(Records from a dataset)
---------------

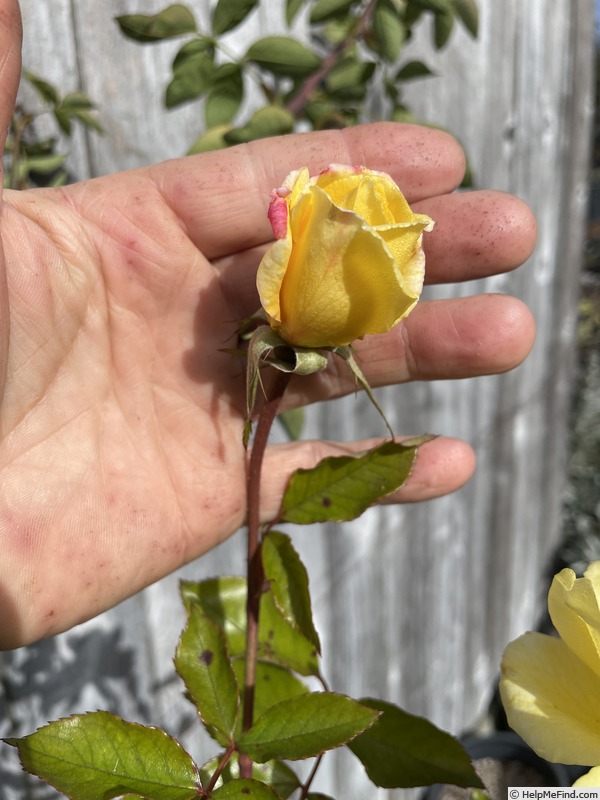 'Lucinde ®' rose photo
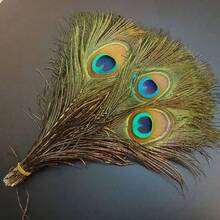 SHEIN 10/20/40 件天然孔雀羽毛，家居装饰和插花，DIY 工艺品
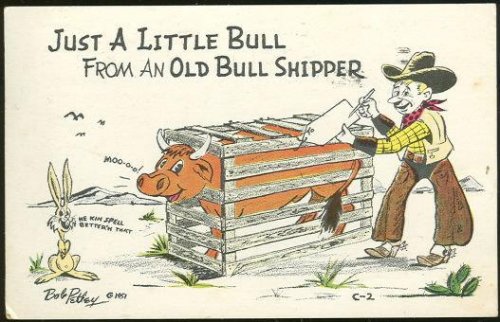 COMIC BOB PETLEY POSTCARD OF LITTLE BULL FROM BULL SHIPPER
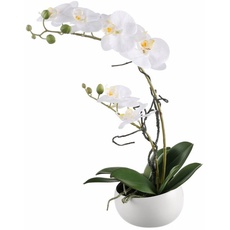 Bild Kunstpflanze »Orchidee«, weiß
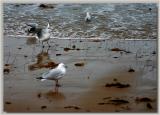 Silver Gulls at waters edge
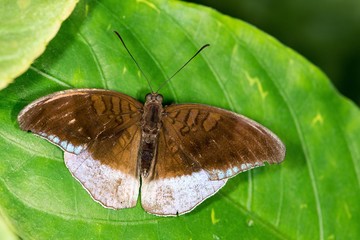 Obraz premium ferme à papillons exotiques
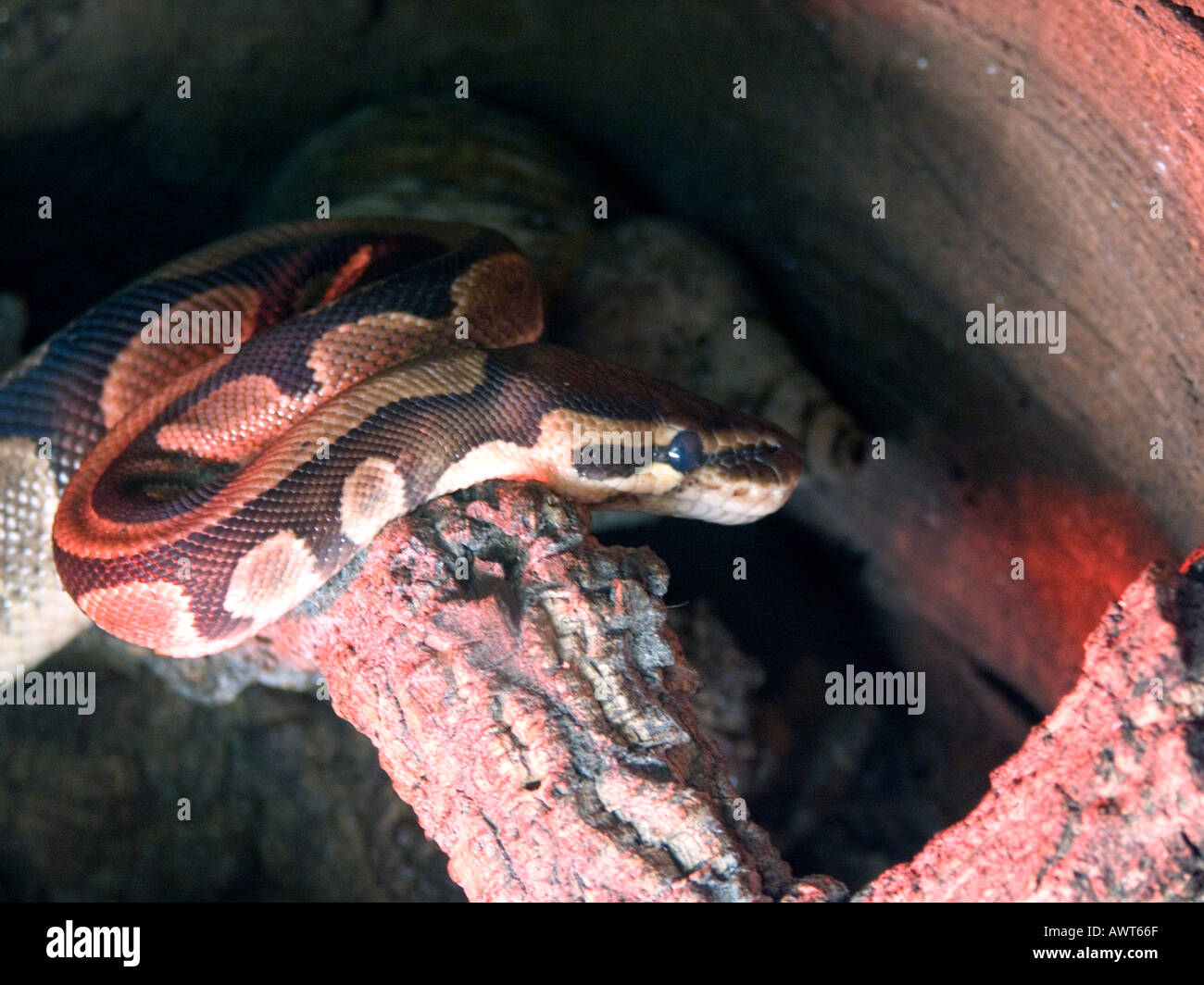 captive Ball Python or Royal Python (Python regius Stock Photo - Alamy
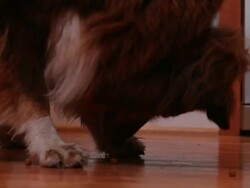  MS PAN Dog eating food off kitchen floor / Portland, United States  Stock Footage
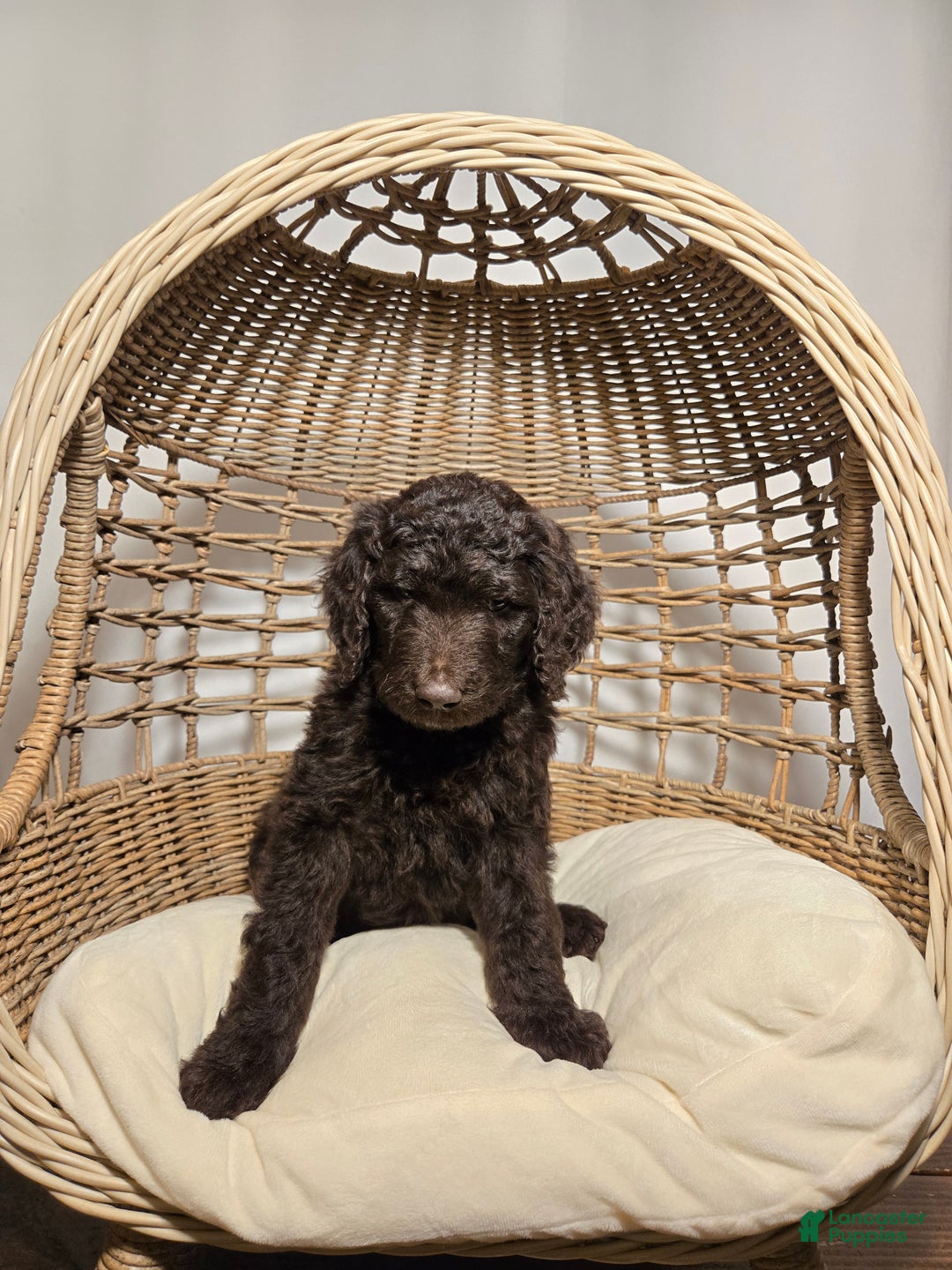 Goldendoodle dogs for sale: Coffee - Ad 5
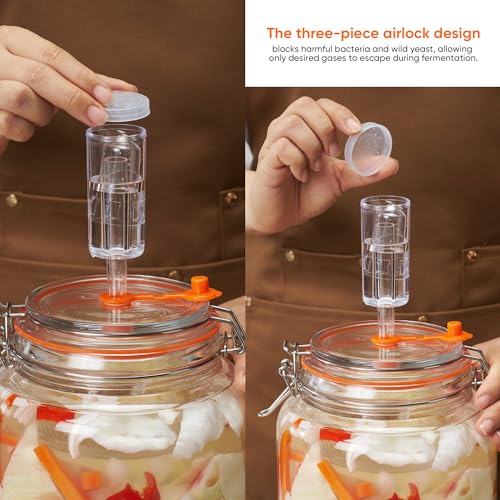 0.6 Gal Fermentation Kit, Glass Jars, Weights & Airlocks, 2 Pack - size: 0.6 Gallon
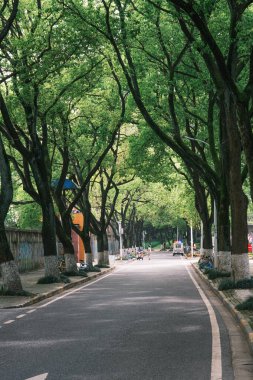 Early summer scenery of Guishan Park in Hanyang, Wuhan, Hubei, China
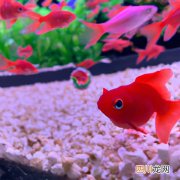 丁条鱼是什么鱼 红丁鱼是属于什么鱼？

---------------

> _What is needed_:
Hand over the entries again, exactly as written and without the pictures.

> _Exercise output_:
 'Lucinde ®' rose photo
 SHEIN 10/20/40 件天然孔雀羽毛，家居装饰和插花，DIY 工艺品
 COMIC BOB PETLEY POSTCARD OF LITTLE BULL FROM BULL SHIPPER
 Bild Kunstpflanze »Orchidee«, weiß
 Silver Gulls at waters edge
 Obraz premium ferme à papillons exotiques
 captive Ball Python or Royal Python (Python regius Stock Photo - Alamy
  MS PAN Dog eating food off kitchen floor / Portland, United States  Stock Footage
 Goldendoodle dogs for sale: Coffee - Ad 5
 0.6 Gal Fermentation Kit, Glass Jars, Weights & Airlocks, 2 Pack - size: 0.6 Gallon
 Early summer scenery of Guishan Park in Hanyang, Wuhan, Hubei, China
 丁条鱼是什么鱼 红丁鱼是属于什么鱼？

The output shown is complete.